Other than that it doesn't make sense for an app to use bulkstat to get one
inode at a time but if they do it will now work correctly.

> 
>> - in xfs_bulkstat(), need to initialise 'lastino' to the inode supplied so 
>> in cases
>>   were we return without examining any inodes the scan wont restart back at 
>>   zero.
> 
> Ok.
> 
>> - sanity check for valid *ubcountp values.  Cannot sanity check for valid 
>> ubuffer
>>   here because some users of xfs_bulkstat() don't supply a buffer.
> 
> Ok - the cases that supply a buffer are caught by the first checks you
> added, right?
> 
>> - checks against 'ubleft' (the space left in the user's buffer) should be 
>> against
>>   'statstruct_size' which is the supplied minimum object size.  The mixture 
>>   of
>>   checks against statstruct_size and 0 was one of the reasons we were 
>>   skipping
>>   inodes.
> 
> Can you wrap these checks in a static inline function so that it is obvious
> what the correct way to check is and we don't reintroduce this porblem? i.e.
> 
> static inline int
> xfs_bulkstat_ubuffer_large_enough(ssize_t space)
> {
> 	return (space > sizeof(struct blah));
> }
> 
> That will also remove a stack variable....
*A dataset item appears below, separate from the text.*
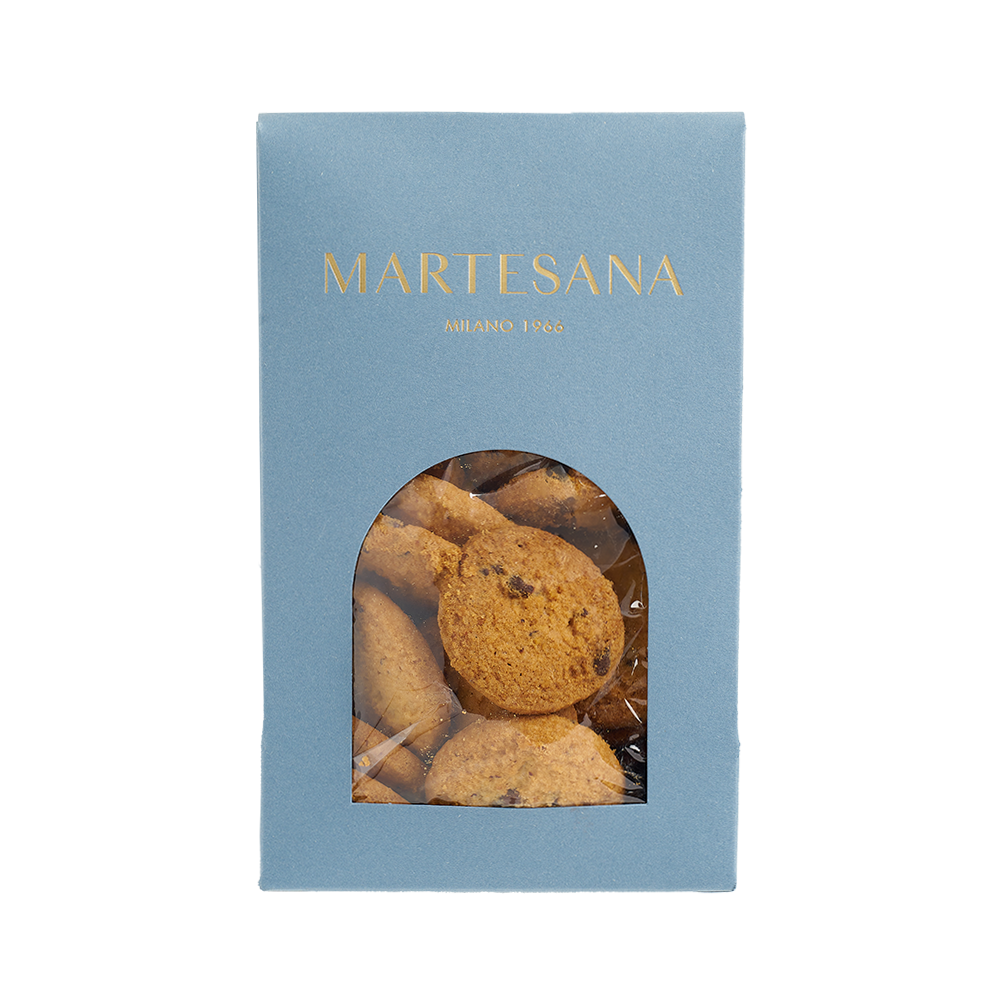 Biscotti senza frumento con Nocciole e Gocce di Cioccolato 250g - immagine 2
That won't work - statstruct_size is passed into xfs_bulkstat() so we don't
know what 'blah' is.  Maybe a macro would be easier.

#define XFS_BULKSTAT_UBLEFT	(ubleft >= statstruct_size)

> 
>> - if the formatter function returns BULKSTAT_RV_NOTHING and an error and 
>> the error
>>   is not ENOENT or EINVAL then we need to abort the scan.  ENOENT is for 
>>   inodes that
>>   are no longer valid and we just skip them.  EINVAL is returned if we try 
>>   to lookup
>>   an internal inode so we skip them too.  For a DMF scan if the inode and 
>>   DMF
>>   attribute cannot fit into the space left in the user's buffer it would 
>>   return
>>   ERANGE.  We didn't handle this error and skipped the inode.  We would 
>>   continue to
>>   skip inodes until one fitted into the user's buffer or we completed the 
>>   scan.
> 
> ok.
> 
>> - put back the recalculation of agino (that got removed with the last fix) 
>> at the
>>   end of the while loop.  This is because the code at the start of the loop 
>>   expects
>>   agino to be the last inode examined if it is non-zero.
> 
> ok.
> 
>> - if we found some inodes but then encountered an error, return success 
>> this time
>>   and the error next time.  If the formatter aborted with ENOMEM we will 
>>   now return
>>   this error but only if we couldn't read any inodes.  Previously if we 
>>   encountered
>>   ENOMEM without reading any inodes we returned a zero count and no error 
>>   which
>>   falsely indicated the scan was complete.
> 
> ok.
> 
> FWIW - missing from this set of patches - cpu_relax() in the loops. In the case
> where no I/O is required to do the scan, we can hold the cpu for a long time
> and that will hold off I/O completion, etc for the cpu bulkstat is running on.
> Hence after every cluster we scan we should cpu_relax() to allow other
> processes cpu time on that cpu.
> 

I don't get how cpu_relax() works.  I see that it is called at times with a
spinlock held so it wont trigger a context switch.  Does it give interrupts a
chance to run?

It appears to be used where a minor delay is needed - I don't think we have any
cases in xfs_bulkstat() where we need to wait for an event that isn't I/O.